Царевич Димитрий - страница 20
– Боярин Пушкин послал искать тебя по всей проклятой земле сей и беспременно вывезти повелел. Сказал мне: «Достань хучь со дна морского!» Дома же у нас дела совершились великие: благодетелей наших всех на Москве имали – и Фёдора Никитича, и Ивана с Александром, и челядь ихну. Яз тем и спасся, что в Калуге тогда с тобою был. Услышал же про беду уж в Новограде Северском и назад не поехал, а остался у дьякона Онучи, всю зиму работал, дай Бог ему здравия! Потом в монастыре боле года жил, Григорьем назывался, шатался тож всяко. На Масленой нашёл меня Онуча и послал во Краковград, к Пушкину, сей же боярин повелел тебя искати. И столь диво дивное ныне со мною приключилося – чудом Божиим из полона смертного вышел и тебя нашёл тут же! Верю в чудо сие, царевич, и помоги нам, Пречистая Владимирская наша богородица!
– Что ж, по-твоему, надо делать?
– Не мешкая, держать путь на Краков. Кони у нас знатные, деньги у меня в вороту зашиты – хватит.
– Не отставай! – крикнул им старший, когда казаки стали скрываться за спуском к реке.
– Поворачивай, государь, пока нет никого и казаки снизу не видят. Яз дороги тут малость ведаю – к обеду будем на мызе за Кислой урочью.
– А може, плюнуть на все делы московские? Вольготно здесь и хорошо с товарищами. Едем на Сечь!
– Что с тобой, батюшка? Вспомни Фёдора Никитича – в заточении пребывает неведомо где и муки люты терпит, тебя же душою любит. Неужели бросишь старца псам Борисовым в кормленье? А что в Сечи сей? Вольность да пьянство, и боле ничего не бысть, даже бабы и той нетути, а кака жизнь без бабы? Да и не долго попьянствуешь – скоро головушку оторвут, даром пропадешь. Сечь – се ради холопья ихнего, чёрного, разбойного, тебе же там не место. Предстоят тебе откровенья великие, и ныне сам узрел ты, государь, указанье Господне, ему же грех противиться. Постой-ка! Слышишь – за горой конский топот? Скорее! Погоня! – И он, схватив повод Юрьева коня, быстро повернул его вместе со своим конём, после чего оба пустились вскачь и скрылись за перелеском.
Часа два мчались они рысью, пока не достигли укромной мызы. Тут, почувствовав себя в безопасности, остановились у старого еврея, промышлявшего неизвестно чем и встретившего Прошку весьма приветливо. Обедали в прокопчённой хате, причём Прошка предусмотрительно запретил хозяину и его дочке отлучаться со двора; потом отдохнули немного и тронулись дальше. Ехали теперь шагом, и тут Юрий рассказал своему спутнику вкратце свои скитанья за границей.
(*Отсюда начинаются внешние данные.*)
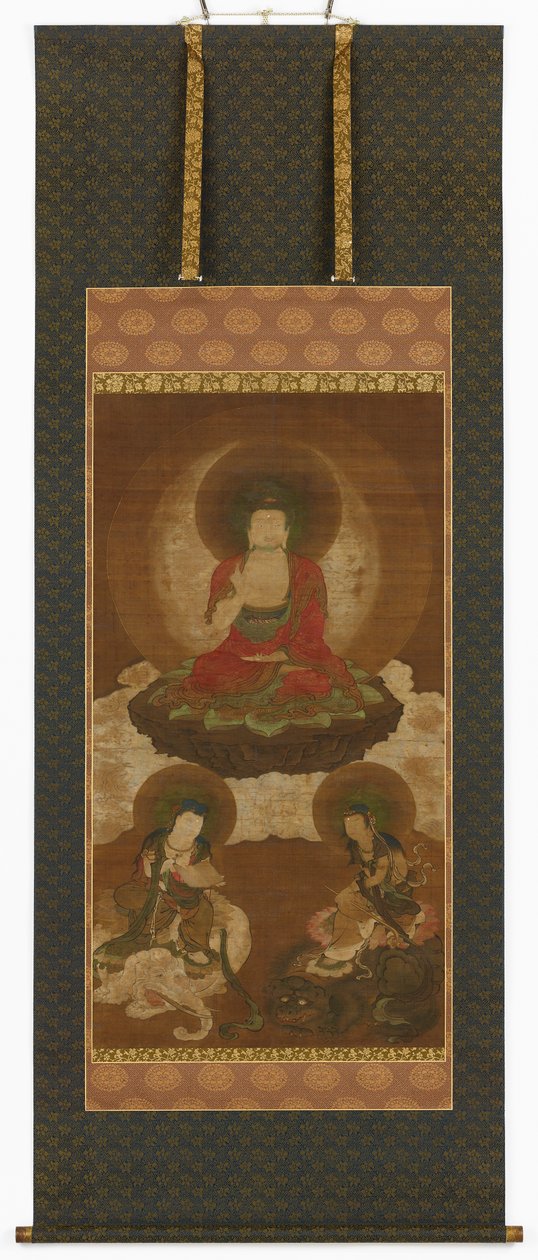 Triada buddyjska: Sakjamuni, Mandziuśri i Samantabhadra, okres Edo, połowa XVII-początek XVIII wieku. autorstwa Sumiyoshi Gukei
Побывал он и в монастырях и на рыбных ловлях, торговал с купцом на базаре и переписывал книги у протопопа. Познакомился с людьми новой веры – арианской – и пробрался в школу этой веры, находящуюся в Гоще. Там изучал науки и языки – латинский, польский – и полюбил веротерпимость ариан. Многому набрался он в этой школе, нашёл хороших товарищей и всегда с уважением вспоминал вельможного её покровителя князя Адама Вишневецкого, коего хотя и не видел, но знал о доброй помощи его православным и арианам. Из Гощи отъехал в Киев – хотел ещё учиться, да не удалось: вступился там однажды за товарища, обиженного сиятельным паном, и, получив от последнего пощёчину, ответил тем же. Пришлось спешно бежать обоим на Сечь. Всё лето с самого половодья жил в Запорожье с казаками, научился ездить на коне так, что хлопцы спрашивали – не из татар ли он, ибо лучше степного татарина никто конём не владеет. Это было самое красное время его жизни с тех пор, как помнит себя, и сейчас он жалеет, что пришлось с ним расстаться, Если бы не эта случайная и чудесная встреча с Прошкой, никогда не ушёл бы оттуда. Теперь же надо обдумать, как быть дальше, и, может быть, в Краков пока не езжати, остановиться в другом городе, скромно жить на Прошкины деньги и дать знать Пушкину о своём нахождении?